More than 2,000 Intel employees are exclusively testing the company’s upcoming set top box and streaming service as part of what’s being called the “Black Box Project.”
The trial started in March with employees based in California, Arizona and Oregon, and the current 2,000-strong testing contingent may grow further to include more of the company’s employees who reside in different parts of the U.S. Those who are using it now are doing so under veritable lockdown, having signed non-disclosure agreements mandating that they only use the box and service in their own homes with their families. If there is a mobile app component to the product or service, there has been no indication suggesting that so far.
The mystery black box being tested has been confirmed as not being the final design of the hardware, while the software and user interface are largely based on what will ultimately be in the final product. The content being used for the trial has also been kept secret, and will not reflect what will be available when the product and service eventually launch.
Intel has hinted in the past that it was looking to change the way consumers access and navigate the content they’re looking for, but has been vague on what that entails or how it differs from what is available in the market now.
What is known is that the company wants to combine live TV, on-demand streaming and other content into one platform. The trial is likely working out the performance and how the general interface works, from navigation, selection, payment, processing and other features.
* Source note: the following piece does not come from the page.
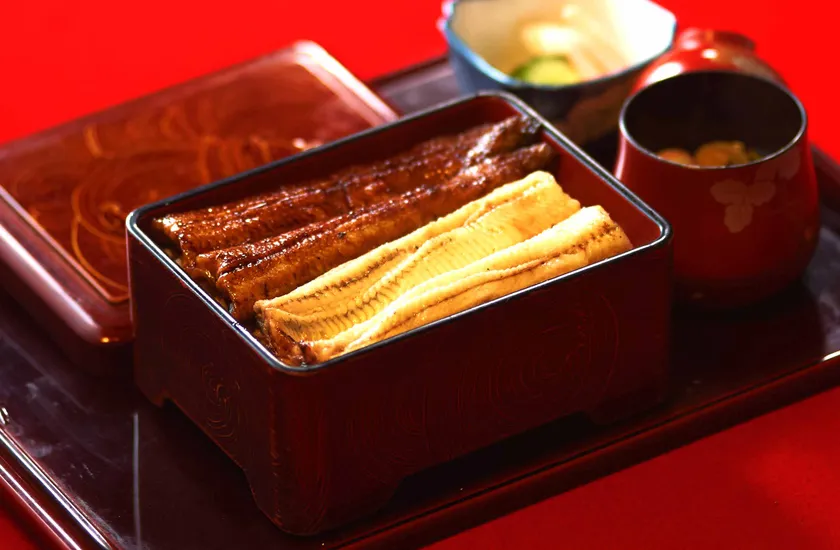 勝利の紅白うな重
Using crowdsourcing techniques, the feedback is collected and changes are made to reflect what testers have reported.
There will be a customer care element called “Audience Care,” ostensibly to aid consumers with any issues or questions they might have, though it’s not entirely clear what further role this part of the product’s support might have otherwise.
What’s also foggy is the level of participation from content providers. Intel is prepping for a launch this year, but there has been little in the way of content agreements with studios or distributors. Cable TV operators have been quietly hostile to Intel’s plans (as well as other over-the-top entities), so it will be interesting to see how the live TV part of this new mystery box and service will play out when the time comes.